## Exercise brief
An exact copy of the entries is required, with every image omitted.

Source data:
[Start of Attachment]

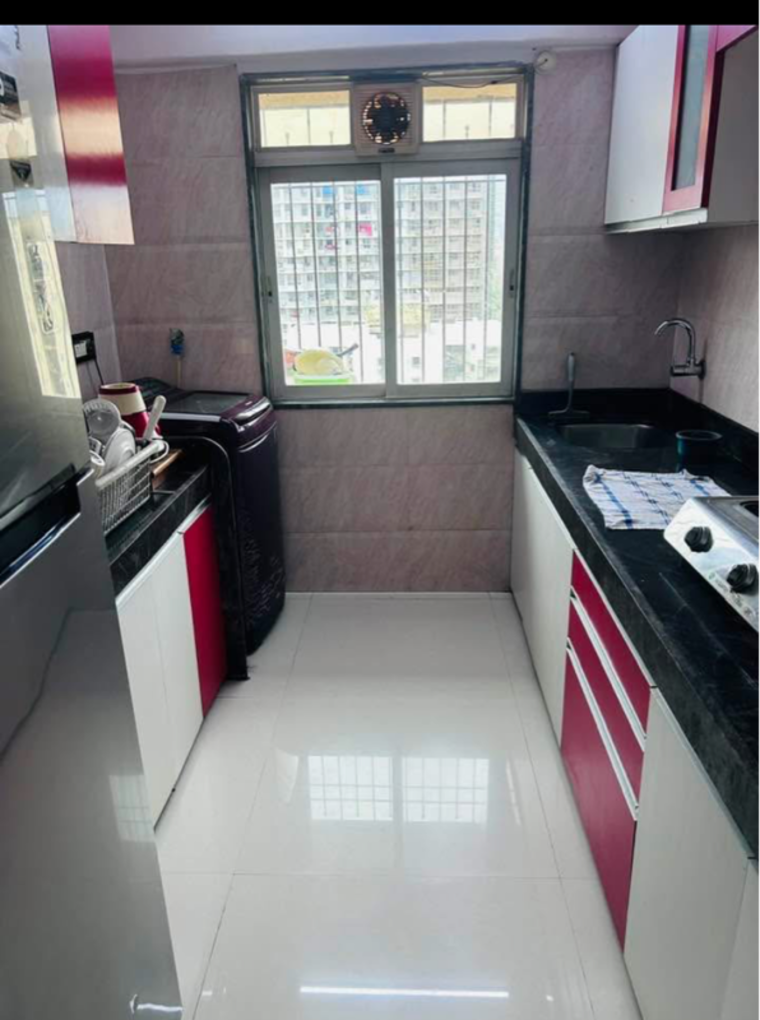 Kitchen, ashwini-chs-andheri-west 1 Bedroom 550 Sq.Ft. Apartment In Andheri West Mumbai 9212676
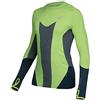 Rottefella Herren Dynamic Warm Round Neck Base Layer, Signal Green, M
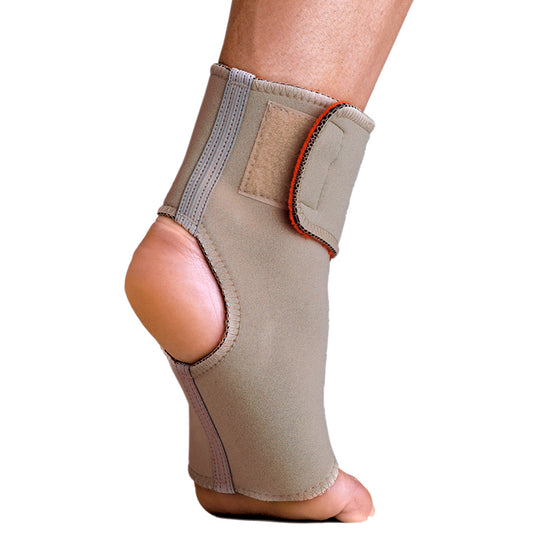 Thermoskin Ankle Wrap, Beige. 8*203 image 0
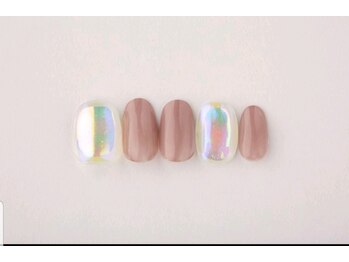 エムスラッシュ センター南(M.SLASH)/ミラーネイル　パラジェル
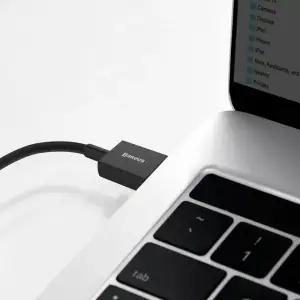 Кабель Baseus Superior Series Fast Charging Type-C PD 66W (2m) Black, CATYS-A01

[End of Attachment]

## Written response
 Kitchen, ashwini-chs-andheri-west 1 Bedroom 550 Sq.Ft. Apartment In Andheri West Mumbai 9212676
 Rottefella Herren Dynamic Warm Round Neck Base Layer, Signal Green, M
 Thermoskin Ankle Wrap, Beige. 8*203 image 0
 エムスラッシュ センター南(M.SLASH)/ミラーネイル　パラジェル
 Кабель Baseus Superior Series Fast Charging Type-C PD 66W (2m) Black, CATYS-A01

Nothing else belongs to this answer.